Building Github.io pages with Pandoc
Suppose you have a Github project with a README and would like to turn it into HTML for a Github.io page. A common problem in documenting and testing software is to keep relevant content in a single location. In a Github project this location is the README, however it will look a lot more professional if you also have a custom website where people can find downloads, documentation etc. This website could become part of a larger portfolio of all your projects on Github.
It would be nice if such a page was updated automatically every time you update other parts of the project.
A fabulous tool for building web content from Markdown files is Pandoc. You could call it the swiss army knife of document conversion: it is very, very versatile. In this instance we will only use its most basic operation. (If you are familiar with RMarkdown: Pandoc is what powers RMarkdown).
Why Pandoc?
There are other engines that can do this for you, but here are some features that win some people over:
- Supports citations (from BibTeX or CSL database)

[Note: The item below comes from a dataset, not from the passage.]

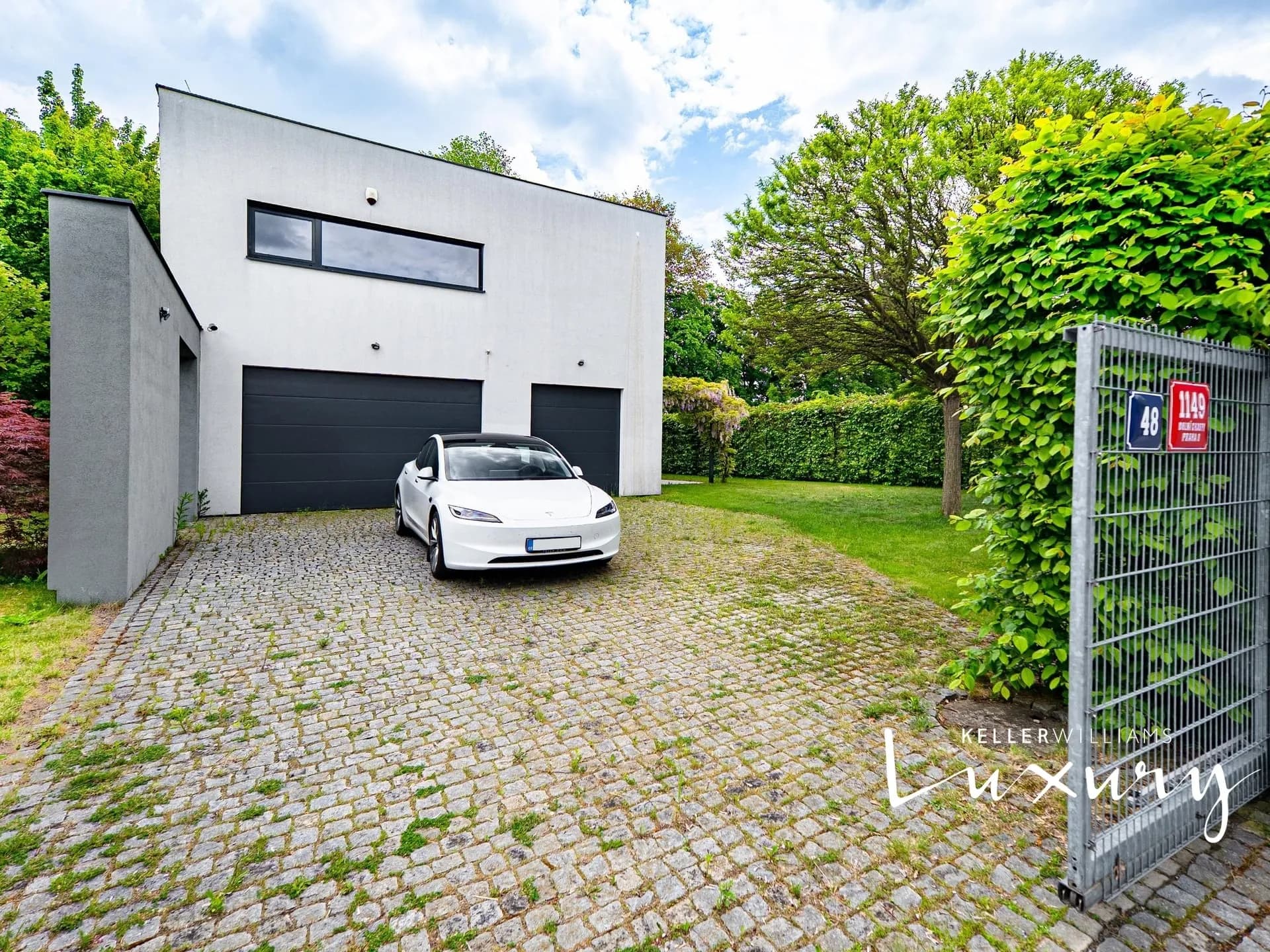 Sale houses Family 266 m², Praha - Dolní Chabry – 3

- Rendered equations (using MathJax, optionally numbered)
- Code highlighting
- Highly customizable
We take you through the process of creating a project on Github from scratch and
convert the README to HTML and upload it to a separate gh-pages
branch. First let’s take a look at
what the end product will look like. We have a project (example
here) with a main
branch that includes a README.
We can use Pandoc to turn this README into a simple static website.
If we switch to gh-pages
branch in Github we can see where this page is hosted.
Only a index.html
and .nojekyll
(that prevents Github from creating a Jekyll page). So how do we
set this up?
Create a Github Project
Create a github project with a short README.md
. To do this:
- go to
github.com
and make sure you’re logged in - click the green “New” button at the top right
- clone the new project to your computer. The instructions for doing so will be shown in the dialog on Github, or you can also see Software Carpentry lesson on Version Control with Git, or the example below:
git clone <your-repo-url>
cd <repo-name>
Using Pandoc to Create a Website
Now that we have cloned the repository we can generate the HTML locally using Pandoc.
Pandoc is a universal document converter. It reads and writes between very many different file formats, including many flavours of Markdown, HTML, LaTeX, Word, RTF, rst and many more. We use it to generate static websites from Markdown.
First, let’s download a container with pandoc installed and run it to see what the pandoc version is.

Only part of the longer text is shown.